Happenings, Insights, Thought Leadership
Diversity and inclusion have been important topics for businesses in all sectors for many years, and research has underscored the very real value that increasing diversity and inclusion delivers. according to the Harvard Business Review, teams with inclusive leaders are more likely to report that they are high performing, make high-quality decisions and behave collaboratively.
While the benefits of increasing diversity – a term meant to encompass gender, race, background, culture, philosophy, experiences, ways of thinking and other parameters – have been accepted for years, much of the focus has been on the employee level. In recent years there has been an increasing focus on the importance of diversity in boards of directors, and it’s in this realm that it’s important to explore the wider definition of diversity.
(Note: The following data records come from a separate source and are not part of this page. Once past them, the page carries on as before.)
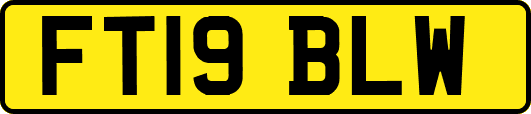 FT19BLW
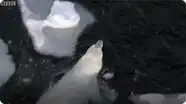 Swimming Great Male Polar Bear - BBC Planet Earth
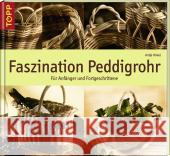 Faszination Peddigrohr : Für Anfänger und Fortgeschrittene Hövel, Antje   9783772455100 Frech - książka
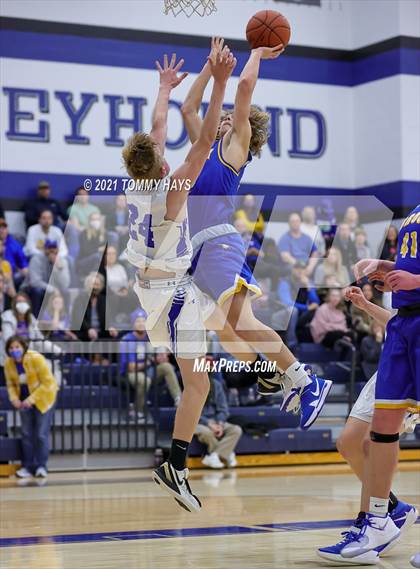 Thumbnail 1 in Brock @ Peaster photogallery.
“Boards of directors best serve their organizations when they focus on the future, so recognizing coming trends and looking for individuals who have the skills and attributes to meet the coming challenges is key to setting up for success,” says Scott Binder, FCC Services’ CEO. “For Farm Credit, for example, diversity can come from the standpoint of diverse industry experiences, commodities, operation size, even work experience outside of agriculture.” In addition, what researchers call “cognitive diversity” can come from differences in life experience, personality and leadership experience.
In today’s complex world, boards are facing a myriad of often escalating challenges. Cyber risk, regulatory developments, technology disruption and the increasingly connected global economy present both challenges and opportunities. An organization’s board best serves its governance role when it is equipped to respond to these pressures, and diversity of thought, with new ideas and perspectives, is key to doing so.
“Expanding the breadth of knowledge and understanding in the boardroom can help resolve blind spots, help them think differently and creatively about an upcoming decision and really offer fresh thinking and fresh perspective that can open opportunity,” says Jean Cantey Segal, Chief Learning Officer of Learning and Consulting Services for FCC Services.
Agriculture itself is changing, with the advent of both extremely large farms alongside very small operations, with urban agriculture and vertical farming, with technological and market disruption, and with new uses and new markets for traditional products. In the face of all this change, it’s imperative that the organizations that support agriculture also evolve, including the perspectives from the boardroom. Diversity in the boardroom can be hard to come by, though, especially among cooperatives that have boards with primarily elected directors.
“One of the challenges of an elected board is that everyone might be nominating and/or voting for who they believe is the very best from an area, but eventually that all roles up into a team, and absent of any efforts to change, it is possible for the whole team to be very similar. So individually there is greatness, but teamwise we’re missing out,” says Byron Enix, CEO of American AgCredit (AAC).
AAC has made a concerted effort to increase diversity in its boardroom, primarily working through its nominating committee, which looks for missing pieces of experience or perspective and actively seeks out qualified candidates with those attributes.
“As this happens over time, our board will grow more diverse, which will ultimately benefit AAC and our members,” says Byron. “It starts with the board setting diversity as a priority, and with the nominating committee’s commitment we’ll achieve it, and gain the value of diversity including creating better solutions for all segments of agriculture we serve.”
“AAC isn’t alone in proactively seeking diversity in its board of directors,” says Leslie Hilton, Vice President of Governance/Board Development for FCC Services, “From my interactions with our clients, most organizations are aware of the value of having diversity in the boardroom in order to make sound decisions to ensure the success of the cooperative. Beyond just the board composition, though, is the importance of welcoming and listening to those diverse perspectives and opinions to inform those decisions. This is an important communications skill for all teams so they avoid missing key risks and opportunities.”
Many cooperative boards are addressing this by appointing outside directors who offer different expertise, experience and viewpoints. Making sure that service on the board is attractive and asking management to identify and invite diverse members to become candidates for the board is also beneficial. And when boards themselves can’t provide the diversity of perspectives needed, bringing in outside experts for specific topics can also benefit the board’s discussion, especially during difficult or important decisions.
“Agriculture is becoming more diverse, rural communities are becoming more diverse, America is becoming more diverse, so it makes sense that our organizations and their leadership will also become more diverse,” says Scott. “I can imagine in the future that diversity might become an odd thing to think about, because we will have fully achieved it. In the meantime, it’s gratifying to see that organizations are recognizing the value of diverse perspectives on their boards and taking steps to seek diversity among their directors.”